The latest design in baby bottles looks weird, like someone left it in a hot car.
But manufacturers say these new models--which are angled near the top--are the wave of the future, already making a dent in the $100-million-a-year consumer baby-bottle market.
At least four companies offer the new shapes, which proponents say work better because throughout the feeding the nipples stay filled with liquid, not air.
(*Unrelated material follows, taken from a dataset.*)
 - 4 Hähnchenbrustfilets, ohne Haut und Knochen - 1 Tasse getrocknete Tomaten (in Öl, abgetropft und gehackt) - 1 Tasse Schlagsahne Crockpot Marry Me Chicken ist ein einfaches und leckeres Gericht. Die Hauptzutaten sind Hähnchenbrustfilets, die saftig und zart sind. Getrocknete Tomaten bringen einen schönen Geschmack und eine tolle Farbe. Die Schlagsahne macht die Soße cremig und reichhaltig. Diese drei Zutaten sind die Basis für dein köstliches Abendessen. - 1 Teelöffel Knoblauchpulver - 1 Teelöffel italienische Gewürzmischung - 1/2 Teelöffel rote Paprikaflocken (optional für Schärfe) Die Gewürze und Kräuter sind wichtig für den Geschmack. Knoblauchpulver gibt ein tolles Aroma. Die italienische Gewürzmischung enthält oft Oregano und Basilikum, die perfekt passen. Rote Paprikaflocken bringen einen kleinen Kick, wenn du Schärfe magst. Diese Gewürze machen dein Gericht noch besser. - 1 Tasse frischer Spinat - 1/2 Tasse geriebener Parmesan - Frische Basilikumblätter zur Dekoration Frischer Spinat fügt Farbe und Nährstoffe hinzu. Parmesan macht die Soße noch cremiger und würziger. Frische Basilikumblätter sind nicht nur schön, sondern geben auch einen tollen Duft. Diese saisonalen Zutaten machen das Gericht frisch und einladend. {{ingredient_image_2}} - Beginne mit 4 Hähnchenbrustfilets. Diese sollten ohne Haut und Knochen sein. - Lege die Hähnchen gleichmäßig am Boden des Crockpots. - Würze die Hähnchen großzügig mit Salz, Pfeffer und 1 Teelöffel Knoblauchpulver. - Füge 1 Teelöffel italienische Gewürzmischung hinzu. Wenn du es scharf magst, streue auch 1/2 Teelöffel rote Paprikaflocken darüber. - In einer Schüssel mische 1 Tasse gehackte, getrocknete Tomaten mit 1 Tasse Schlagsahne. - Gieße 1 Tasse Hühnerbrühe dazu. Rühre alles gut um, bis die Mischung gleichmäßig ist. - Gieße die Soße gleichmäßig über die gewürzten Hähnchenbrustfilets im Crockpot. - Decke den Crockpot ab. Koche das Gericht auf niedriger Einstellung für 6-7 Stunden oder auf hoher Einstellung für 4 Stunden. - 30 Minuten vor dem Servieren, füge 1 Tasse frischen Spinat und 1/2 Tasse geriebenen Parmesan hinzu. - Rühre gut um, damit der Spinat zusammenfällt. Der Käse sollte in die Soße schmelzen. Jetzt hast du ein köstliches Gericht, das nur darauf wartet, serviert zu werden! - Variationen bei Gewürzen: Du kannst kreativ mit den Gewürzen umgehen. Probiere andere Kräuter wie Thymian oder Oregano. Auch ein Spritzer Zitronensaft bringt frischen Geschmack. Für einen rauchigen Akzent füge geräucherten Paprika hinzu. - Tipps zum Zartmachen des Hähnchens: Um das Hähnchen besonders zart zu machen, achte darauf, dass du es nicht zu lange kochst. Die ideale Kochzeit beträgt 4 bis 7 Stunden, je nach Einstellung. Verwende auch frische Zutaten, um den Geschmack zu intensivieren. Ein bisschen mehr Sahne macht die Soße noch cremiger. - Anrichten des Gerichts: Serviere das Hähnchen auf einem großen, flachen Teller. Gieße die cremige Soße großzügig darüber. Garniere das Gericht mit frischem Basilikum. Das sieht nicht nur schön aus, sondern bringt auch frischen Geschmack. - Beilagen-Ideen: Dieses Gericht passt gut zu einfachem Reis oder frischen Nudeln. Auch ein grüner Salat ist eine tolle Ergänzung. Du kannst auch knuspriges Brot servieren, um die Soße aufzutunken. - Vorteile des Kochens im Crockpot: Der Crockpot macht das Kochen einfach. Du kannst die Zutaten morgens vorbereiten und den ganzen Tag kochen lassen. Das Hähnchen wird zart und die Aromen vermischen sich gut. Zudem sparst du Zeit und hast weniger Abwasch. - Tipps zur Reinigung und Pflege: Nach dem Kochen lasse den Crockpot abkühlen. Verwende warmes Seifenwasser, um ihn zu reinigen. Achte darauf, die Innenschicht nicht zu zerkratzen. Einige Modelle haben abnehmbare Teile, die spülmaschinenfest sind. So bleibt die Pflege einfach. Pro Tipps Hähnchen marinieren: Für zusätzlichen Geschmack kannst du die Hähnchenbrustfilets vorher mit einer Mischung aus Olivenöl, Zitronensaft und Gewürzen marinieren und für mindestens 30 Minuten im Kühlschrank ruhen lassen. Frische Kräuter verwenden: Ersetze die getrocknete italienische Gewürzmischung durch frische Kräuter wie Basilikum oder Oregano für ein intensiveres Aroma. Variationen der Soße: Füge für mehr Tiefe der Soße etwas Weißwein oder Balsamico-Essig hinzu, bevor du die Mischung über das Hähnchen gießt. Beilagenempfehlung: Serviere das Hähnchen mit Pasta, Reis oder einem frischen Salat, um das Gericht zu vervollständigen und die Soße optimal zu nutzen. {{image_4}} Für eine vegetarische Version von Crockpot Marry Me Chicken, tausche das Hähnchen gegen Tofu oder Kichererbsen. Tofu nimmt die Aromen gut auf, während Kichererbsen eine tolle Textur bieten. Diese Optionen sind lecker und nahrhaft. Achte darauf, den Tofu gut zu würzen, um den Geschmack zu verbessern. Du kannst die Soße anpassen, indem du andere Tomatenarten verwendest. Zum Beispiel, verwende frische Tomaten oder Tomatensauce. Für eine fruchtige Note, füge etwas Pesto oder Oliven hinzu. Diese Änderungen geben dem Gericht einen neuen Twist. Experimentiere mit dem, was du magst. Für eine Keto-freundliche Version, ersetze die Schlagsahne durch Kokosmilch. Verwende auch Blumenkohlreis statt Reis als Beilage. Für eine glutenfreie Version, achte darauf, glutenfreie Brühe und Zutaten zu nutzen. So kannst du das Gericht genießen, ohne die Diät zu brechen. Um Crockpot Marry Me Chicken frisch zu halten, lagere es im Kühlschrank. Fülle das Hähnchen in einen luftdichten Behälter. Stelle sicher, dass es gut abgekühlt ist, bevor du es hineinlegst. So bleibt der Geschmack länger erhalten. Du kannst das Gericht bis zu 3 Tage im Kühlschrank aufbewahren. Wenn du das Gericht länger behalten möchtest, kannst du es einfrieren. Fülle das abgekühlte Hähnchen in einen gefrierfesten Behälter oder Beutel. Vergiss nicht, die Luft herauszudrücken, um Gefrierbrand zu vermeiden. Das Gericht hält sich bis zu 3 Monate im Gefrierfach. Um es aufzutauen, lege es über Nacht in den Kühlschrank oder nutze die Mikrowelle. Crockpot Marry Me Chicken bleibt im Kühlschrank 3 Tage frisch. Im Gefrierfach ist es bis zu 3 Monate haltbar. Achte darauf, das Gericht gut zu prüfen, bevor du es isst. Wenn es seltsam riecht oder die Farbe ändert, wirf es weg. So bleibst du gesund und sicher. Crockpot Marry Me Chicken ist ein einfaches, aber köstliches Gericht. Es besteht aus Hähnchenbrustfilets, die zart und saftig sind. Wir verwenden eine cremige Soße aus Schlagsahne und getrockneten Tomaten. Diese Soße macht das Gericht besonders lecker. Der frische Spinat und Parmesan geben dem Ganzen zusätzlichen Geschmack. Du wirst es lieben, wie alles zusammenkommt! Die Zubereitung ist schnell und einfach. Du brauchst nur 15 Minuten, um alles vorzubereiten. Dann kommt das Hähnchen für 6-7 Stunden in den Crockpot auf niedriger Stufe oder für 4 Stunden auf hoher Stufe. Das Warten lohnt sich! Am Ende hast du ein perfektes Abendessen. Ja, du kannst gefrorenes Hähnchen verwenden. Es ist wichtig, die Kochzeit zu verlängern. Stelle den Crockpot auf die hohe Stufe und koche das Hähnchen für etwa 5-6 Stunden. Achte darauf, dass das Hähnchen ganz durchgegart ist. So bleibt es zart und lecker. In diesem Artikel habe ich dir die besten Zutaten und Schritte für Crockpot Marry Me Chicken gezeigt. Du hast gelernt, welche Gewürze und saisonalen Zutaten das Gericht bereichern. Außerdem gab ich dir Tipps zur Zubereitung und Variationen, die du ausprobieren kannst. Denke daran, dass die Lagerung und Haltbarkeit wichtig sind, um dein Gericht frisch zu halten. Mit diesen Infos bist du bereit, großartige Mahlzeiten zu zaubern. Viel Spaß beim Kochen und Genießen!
Advocates say the new designs also reduce gas and make it easier to feed the baby in a semi-upright position, which can reduce the risk of choking and eliminate the flow of liquid to the middle ear (which can contribute to ear problems).
In one company-sponsored study, 326 mothers were asked to feed their babies with the curved Betta Baby Bottle for 18 months and 326 others were asked to use any conventional bottle, says Don Holbrook, president of manufacturer Betta Medical Inc. While 44% of infants fed with traditional bottles had three or more ear infections during the study, only 2% fed with the Betta bottle did.
The American Academy of Pediatrics warns parents not to feed a baby in the supine position to prevent middle ear problems, but doesn’t endorse one bottle design over another, referring parents to pediatricians for advice.
Some experts say traditional bottles work just fine. Feeding position, not bottle type, is the key, says Richard Bradley, a USC physician assistant and clinical instructor in pediatric medicine.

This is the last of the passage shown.